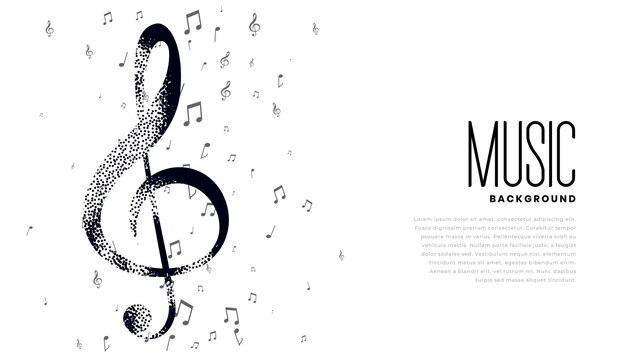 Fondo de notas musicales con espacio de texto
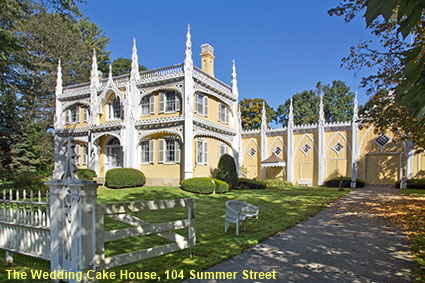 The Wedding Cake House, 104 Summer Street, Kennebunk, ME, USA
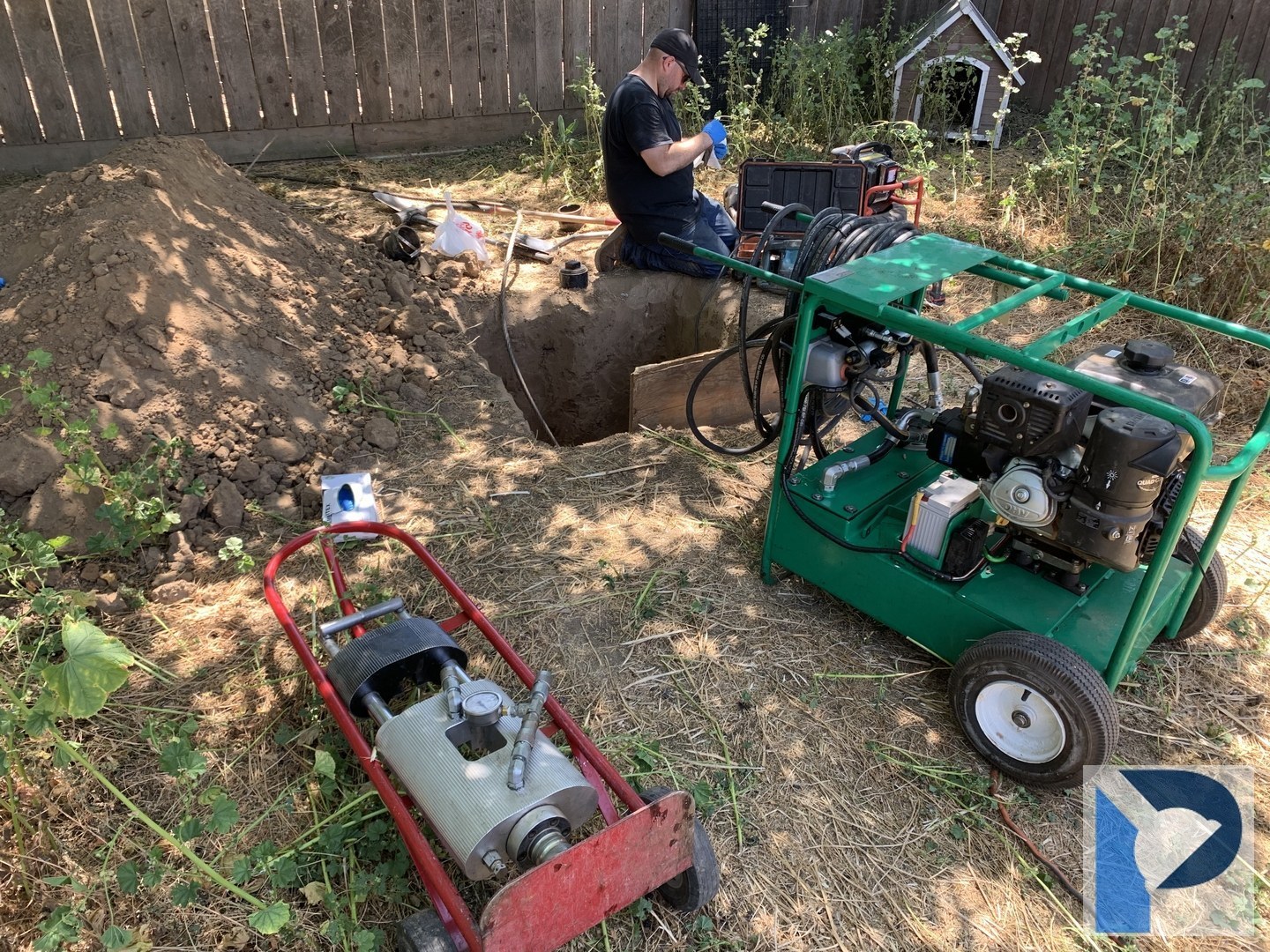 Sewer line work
* * *
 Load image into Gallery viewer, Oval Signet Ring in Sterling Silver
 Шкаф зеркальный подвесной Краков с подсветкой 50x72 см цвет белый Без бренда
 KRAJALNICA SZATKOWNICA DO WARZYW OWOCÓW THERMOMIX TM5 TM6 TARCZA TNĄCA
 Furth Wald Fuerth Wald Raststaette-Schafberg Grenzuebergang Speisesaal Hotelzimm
==
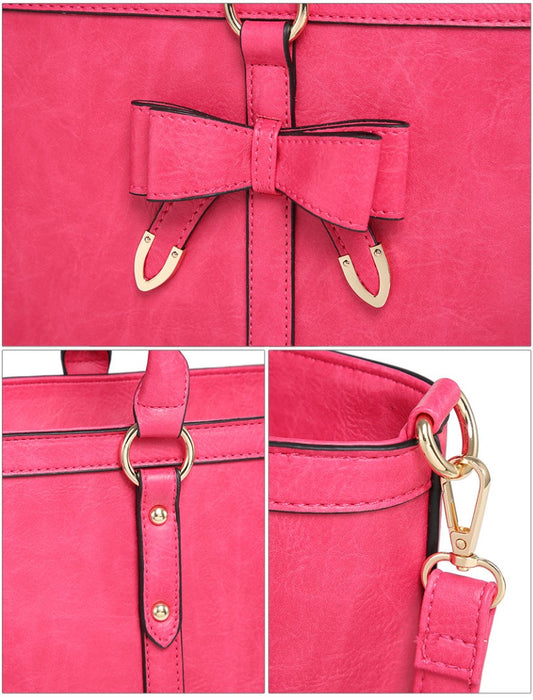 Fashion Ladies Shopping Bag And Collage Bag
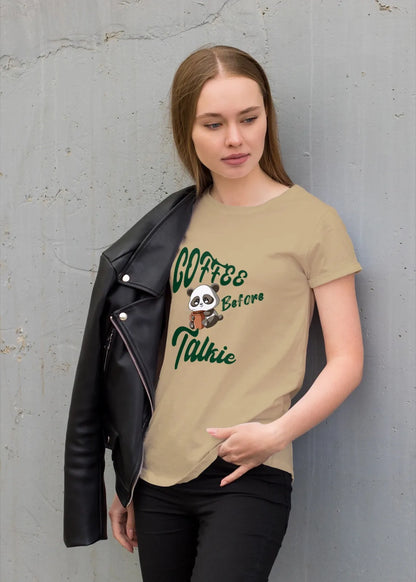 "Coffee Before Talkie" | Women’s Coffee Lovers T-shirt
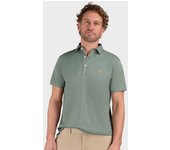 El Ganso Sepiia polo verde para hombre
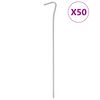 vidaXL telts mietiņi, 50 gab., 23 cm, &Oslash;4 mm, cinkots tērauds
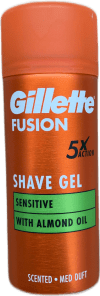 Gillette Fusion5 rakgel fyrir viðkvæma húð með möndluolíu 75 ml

**Exercise:**
What should come back is an exact copy of the lines above from the line with "El Ganso Sepiia polo verde para hombre" to the line with "Gillette Fusion5 rakgel", both included, minus the pictures.

**Your response:**
 El Ganso Sepiia polo verde para hombre
 vidaXL telts mietiņi, 50 gab., 23 cm, &Oslash;4 mm, cinkots tērauds
 Gillette Fusion5 rakgel fyrir viðkvæma húð með möndluolíu 75 ml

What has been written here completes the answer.